My long time friend, and sometimes colleague, Ed Bonawitz, sent me a note yesterday showing the rot on the vine… This stuff isn’t for anyone under 13 to view, folks; it’s nasty. Here are some facts to make you cringe… “Ireland’s external debt, at $1.8 trillion, equals 900% of the country’s $200 billion GDP. The United Kingdom’s external debt of $10.5 trillion equals 456% of its $2.3 trillion GDP. Switzerland’s external debt of $1.3 trillion equals 433% of its $300 billion GDP.”
So… Now that the credit markets are locked tight, renegotiating the terms of these loans is virtually impossible. The IMF will need to step in Big Time, and as badly as I don’t want to even say this, but have to, the Bundesbank, Germany’s central bank, will have to step in also.
There’s news this morning that Germany will take over Hypo Real Estate Holding, Inc. thus paving the way for the first German Bank nationalization since the 1930s.
So… Here’s the deal, folks, the way I see it… These countries are dealing with their own problems, and soon they will move to protectionism measures to keep trade at home. This will happen all over the world, and for my money, it will be akin to pushing trade over the cliff. No way trade is able to recover from a blow like global protectionism, until it ends.

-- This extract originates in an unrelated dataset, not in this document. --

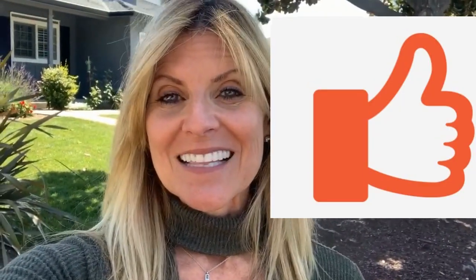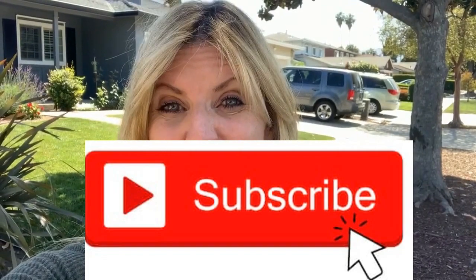Do me a favor and give me a thumbs up if you liked anything in this video and click the subscribe button. That really helps me. And until next time, have a great one.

So, again, there’s “uncertainty”… And the uncertainty hedge is here to help! Yesterday, I watched gold move higher all day – to the tune of $28 – bringing the price of gold to $970! This morning, there has to be a ton of profit taking, as gold has backed off by $6. I’ll say this again for anyone missing class on two different occasions last week… It appears that the large investors are moving to hard assets, like gold and not to fiat currencies.
The TIC Flows data yesterday surprised on the upside, with a total of net security purchases by foreigners rising to $34 billion, while the previous month’s negative $21.7 billion was revised down to negative $25.6 billion… So, if you average out the two months, we have a net of around $9 billion, which is not enough to finance the deficit… And that just gets added to our financing needs down the road.

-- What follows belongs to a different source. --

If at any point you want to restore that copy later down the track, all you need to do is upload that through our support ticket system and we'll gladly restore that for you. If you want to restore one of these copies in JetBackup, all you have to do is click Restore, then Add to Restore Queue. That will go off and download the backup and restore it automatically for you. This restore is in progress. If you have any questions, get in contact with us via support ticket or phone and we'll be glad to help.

So… Europe is having problems with banks, just like here in the United States… But keep in mind that at least Europe was dealing from a position of strength when this all materialized, and the financial meltdown began, while the United States was already deep in the deficit hole.
Today in the U.S. we get Housing Starts, Building Permits, Industrial Production, and Capacity Utilization all for January… And all should continue to show bad things for the U.S. economy. But as I said yesterday with the deficits rising, and everyone becoming comfortably numb with the numbers, they have long been comfortably numb with the rot on the data’s vine here in the United States. It’s not that people don’t care… It’s that they see it, and realize they can’t do a darn thing about it!
OK… GM was at the back door begging for more drugs, I mean bailout money, yesterday… Here’s what the Wall Street Journal had to say about it…
“General Motors plans to ask for access to an additional $16.6 billion in federal aid. The company said it will run out of money by next month without additional aid. GM also said it would close 14 U.S. plants, five more than previously planned. GM also would cut 47,000 global hourly, salaried jobs.”
If I were “the man” doling out the bailout funds, I surely wouldn’t want the closing of 14 plants and the loss of 47,000 jobs on my conscience… But! I wouldn’t write the check, until GM gave me a few things in writing… 1. A plan to pay it back 2. Why they believe this $16.6 billion will “do the trick” for them. 3. What there plans are to get back in the black given that the United States is in a recession, and not buying automobiles!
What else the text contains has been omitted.